Copy task. Retype the whole listing exactly, omitting any picture in it.

- _RECORDED DATA_:
++++++
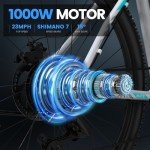 5TH WHEEL Mate Electric Bike for Adults with 1000W Peak Motor and 468WH Removable Battery Ebike, Color LCD Display Commuting Electric Mountain Bike with 7-Speed and Front Suspension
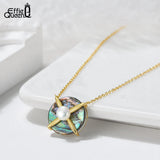 Abalone Shell Pendant Necklace Natural Pearl 14K Plated Women's Jewelry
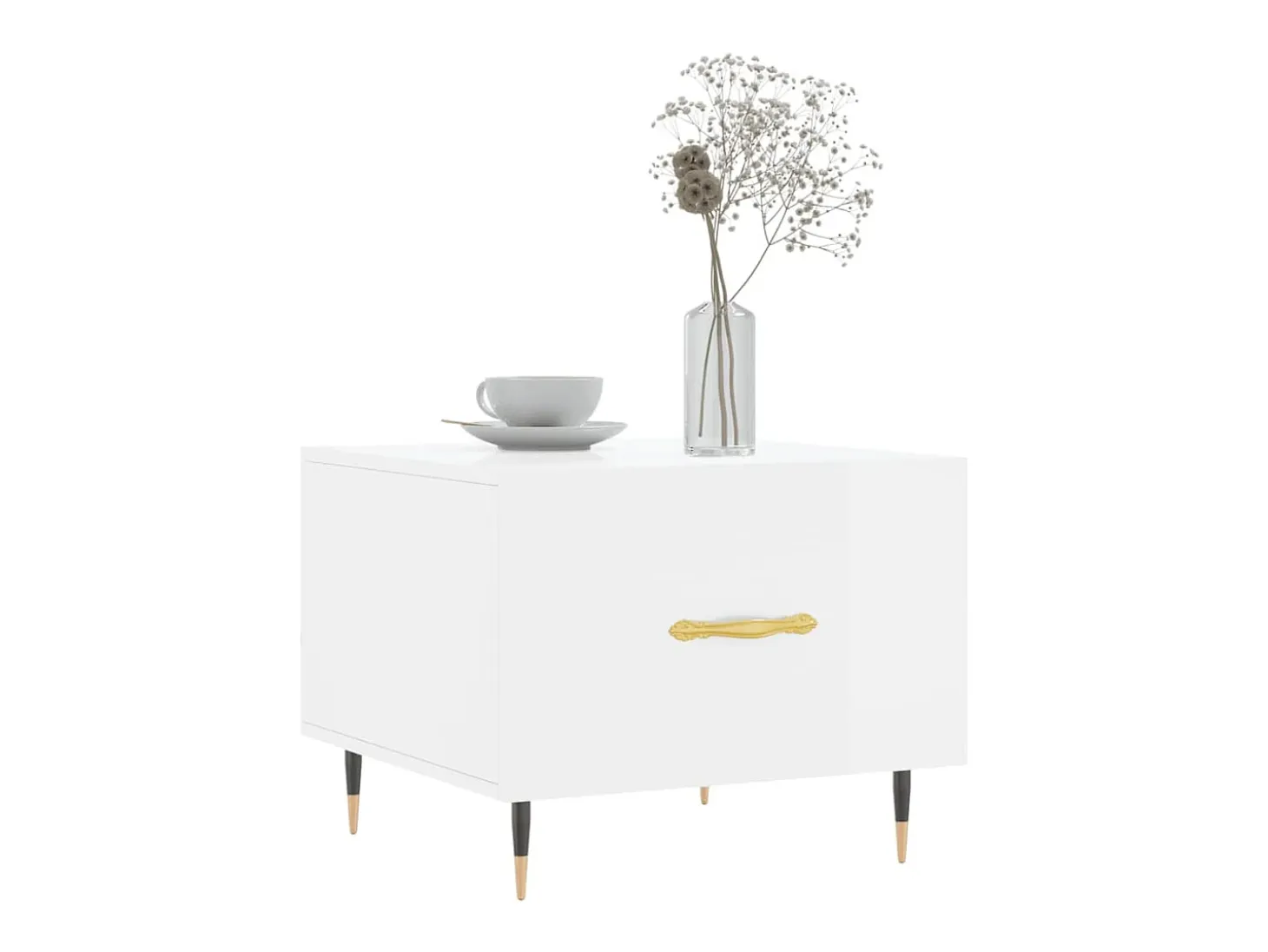 Mesa de centro madera de ingeniería brillo blanco 50x50x40 cm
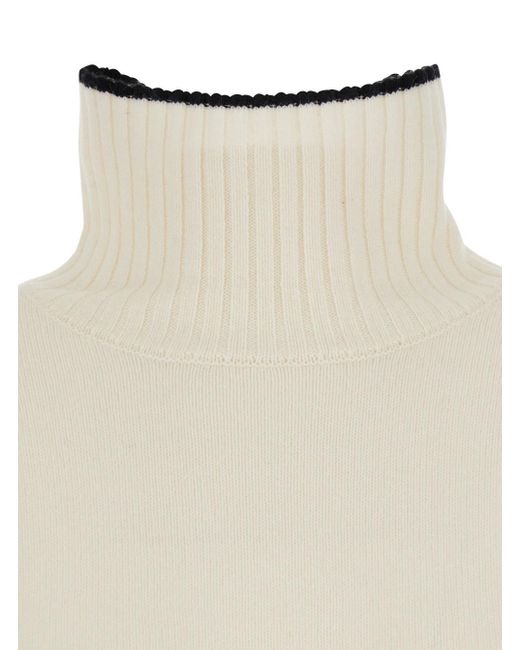 Maglione Con Collo Alto E Logo Sul Retro di Pinko in White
++++++
- _YOUR SOLUTION_:
 5TH WHEEL Mate Electric Bike for Adults with 1000W Peak Motor and 468WH Removable Battery Ebike, Color LCD Display Commuting Electric Mountain Bike with 7-Speed and Front Suspension
 Abalone Shell Pendant Necklace Natural Pearl 14K Plated Women's Jewelry
 Mesa de centro madera de ingeniería brillo blanco 50x50x40 cm
 Maglione Con Collo Alto E Logo Sul Retro di Pinko in White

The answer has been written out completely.